### Work required
A verbatim transcription of the listing below is required, without its pictures.

### Collected data
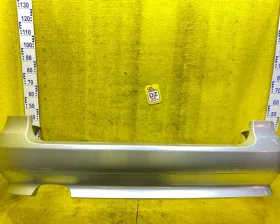 бампер BMW 5-SERIES 2008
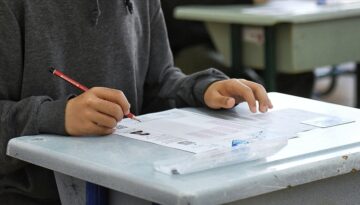 MEB LGS sonuç tarihi 2026: LGS sonuçları ne zaman açıklanacak?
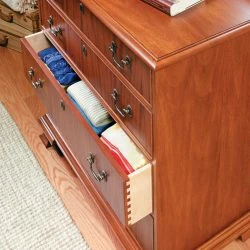 Chippendale Chest 9 Chippendale Chest -WARCO SHOP detail2 hd 2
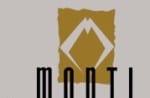 Monti Logo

### Solution to the exercise
 бампер BMW 5-SERIES 2008
 MEB LGS sonuç tarihi 2026: LGS sonuçları ne zaman açıklanacak?
 Chippendale Chest 9 Chippendale Chest -WARCO SHOP detail2 hd 2
 Monti Logo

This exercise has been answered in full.